> [Action item]: Two lines mark the range in the entries below: the one holding "Poster blue led" and the one holding "Контактная лента 40мм". Set down those two and all lines between them, exactly.

> [Given records]:
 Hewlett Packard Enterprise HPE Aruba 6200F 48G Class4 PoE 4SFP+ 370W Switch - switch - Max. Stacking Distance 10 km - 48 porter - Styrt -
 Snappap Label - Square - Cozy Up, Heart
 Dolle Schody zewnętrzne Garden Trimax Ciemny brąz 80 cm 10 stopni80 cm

==

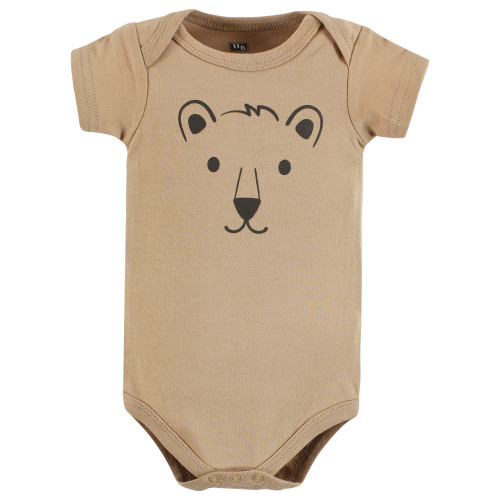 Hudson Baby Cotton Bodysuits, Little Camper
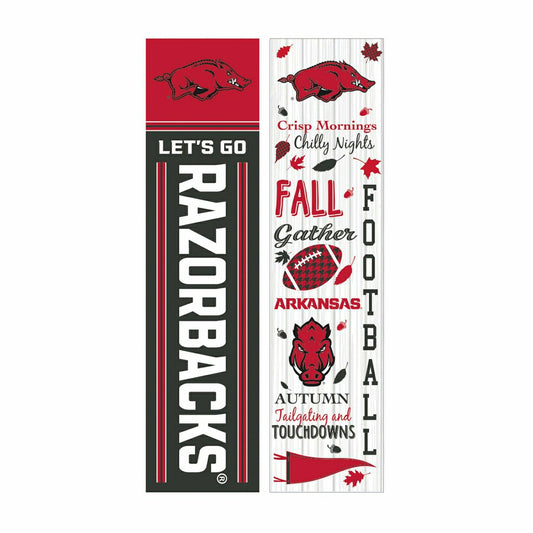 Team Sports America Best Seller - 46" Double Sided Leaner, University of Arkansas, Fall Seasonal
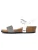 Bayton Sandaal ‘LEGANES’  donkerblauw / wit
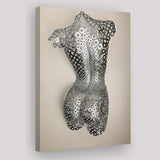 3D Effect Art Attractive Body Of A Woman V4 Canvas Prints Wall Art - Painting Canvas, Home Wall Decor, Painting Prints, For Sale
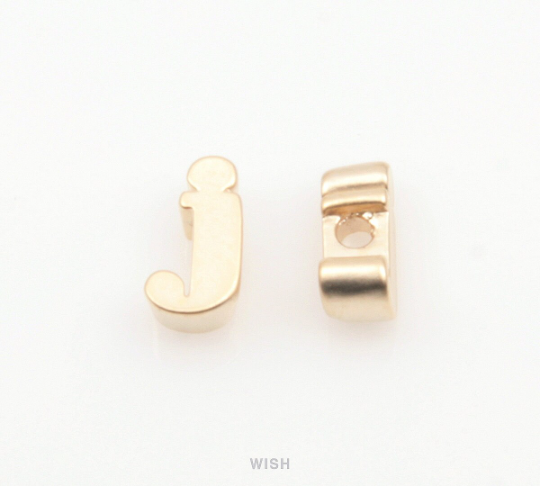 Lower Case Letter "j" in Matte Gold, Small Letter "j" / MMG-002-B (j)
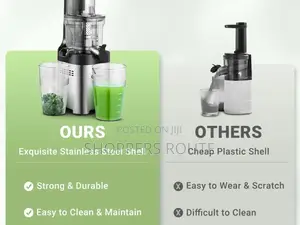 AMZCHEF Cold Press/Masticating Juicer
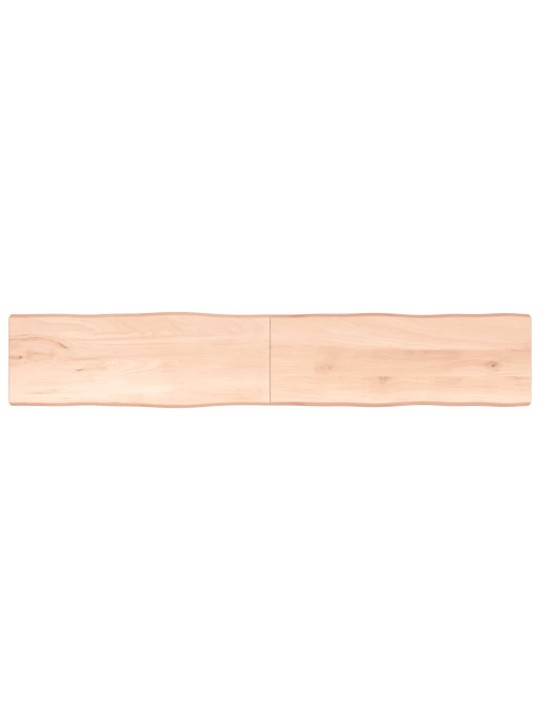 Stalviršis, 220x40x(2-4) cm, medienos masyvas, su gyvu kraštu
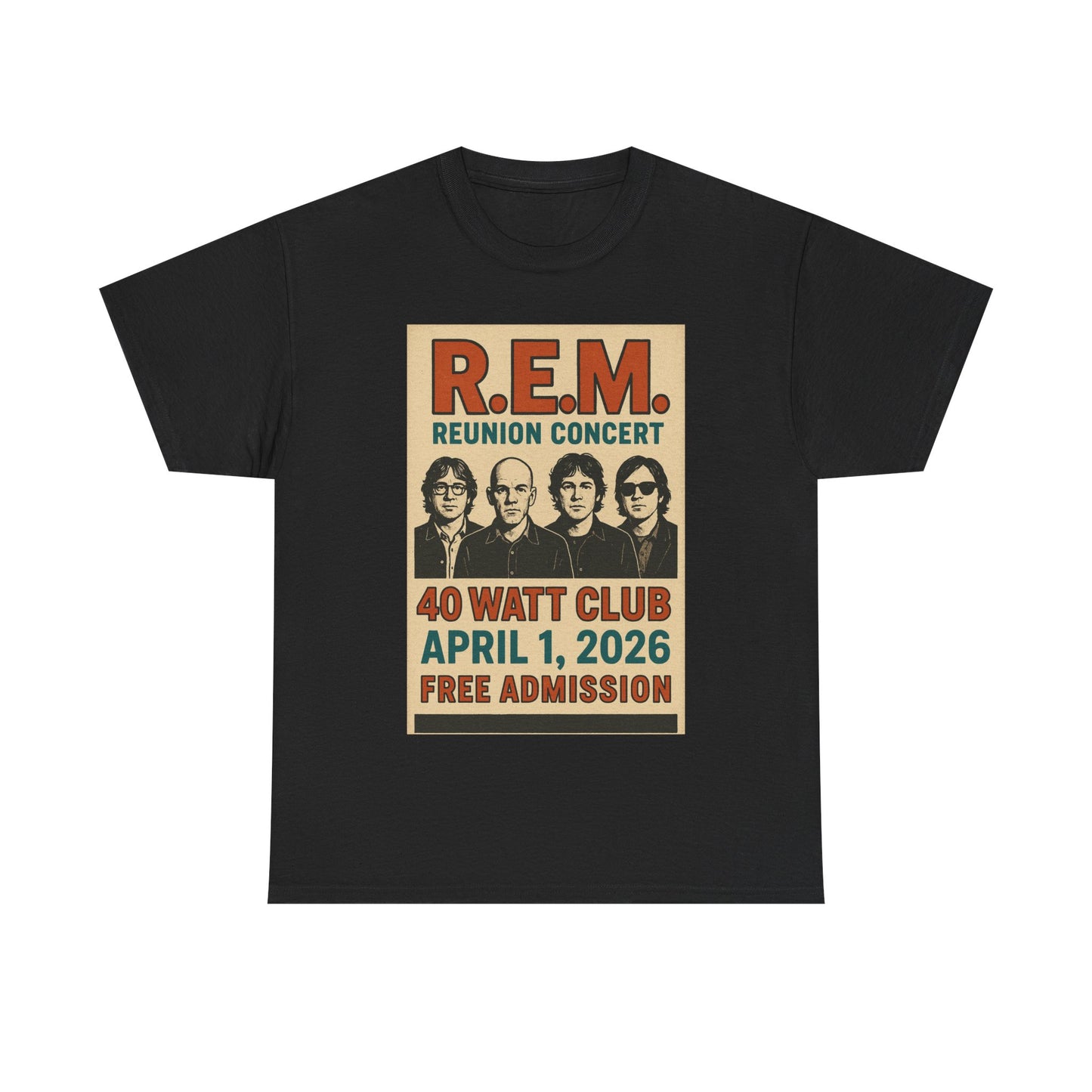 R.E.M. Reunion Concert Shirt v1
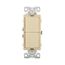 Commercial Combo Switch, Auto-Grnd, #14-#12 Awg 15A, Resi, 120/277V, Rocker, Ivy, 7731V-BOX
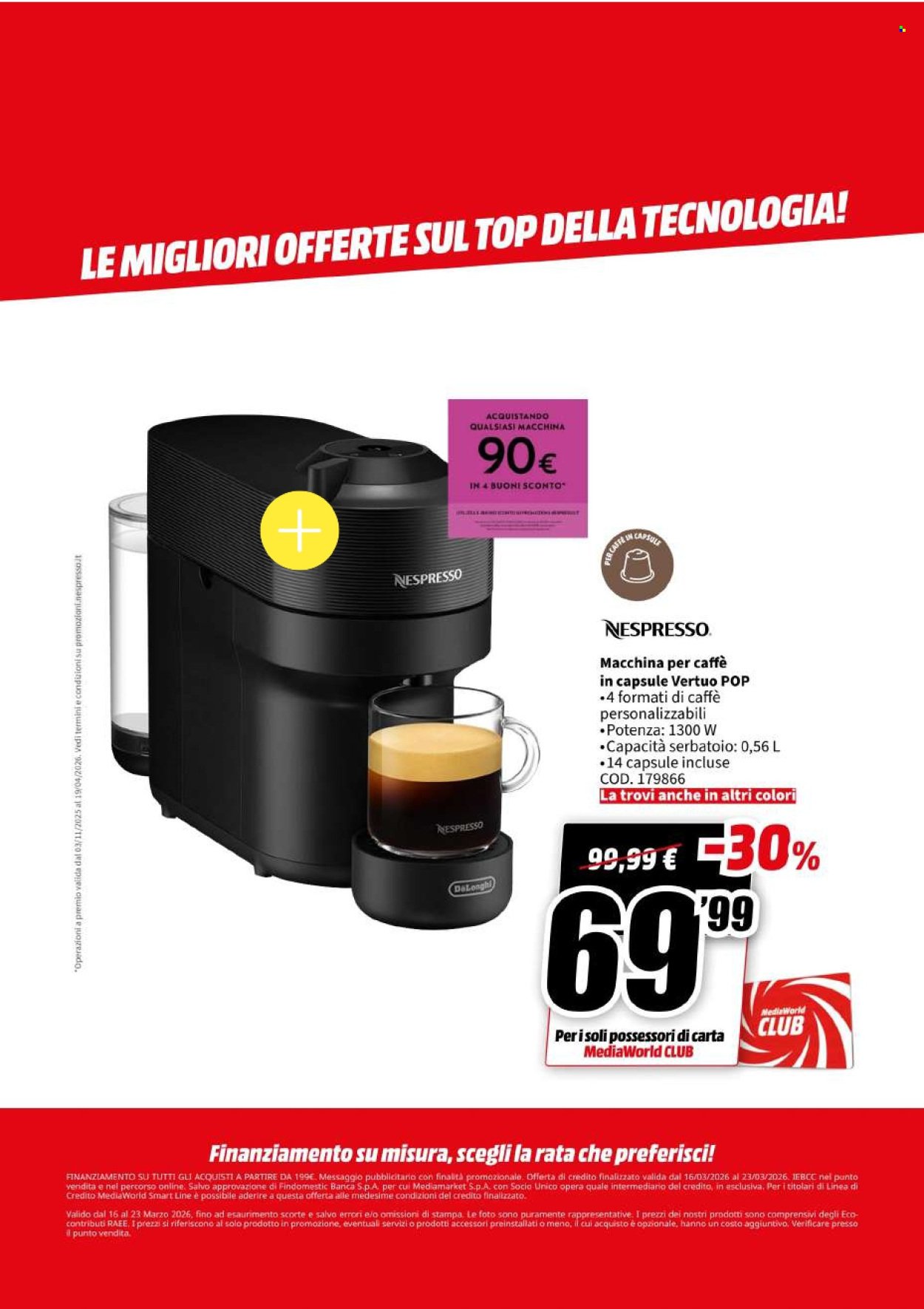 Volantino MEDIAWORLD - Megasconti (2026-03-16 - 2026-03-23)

==

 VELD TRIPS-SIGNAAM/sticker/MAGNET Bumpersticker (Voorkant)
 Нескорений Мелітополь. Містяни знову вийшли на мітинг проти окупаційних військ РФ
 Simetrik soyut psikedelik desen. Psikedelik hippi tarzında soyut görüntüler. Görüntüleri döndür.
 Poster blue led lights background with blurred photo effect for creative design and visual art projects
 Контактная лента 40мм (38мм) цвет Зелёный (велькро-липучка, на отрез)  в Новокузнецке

> [Response area]:
 Poster blue led lights background with blurred photo effect for creative design and visual art projects
 Контактная лента 40мм (38мм) цвет Зелёный (велькро-липучка, на отрез)  в Новокузнецке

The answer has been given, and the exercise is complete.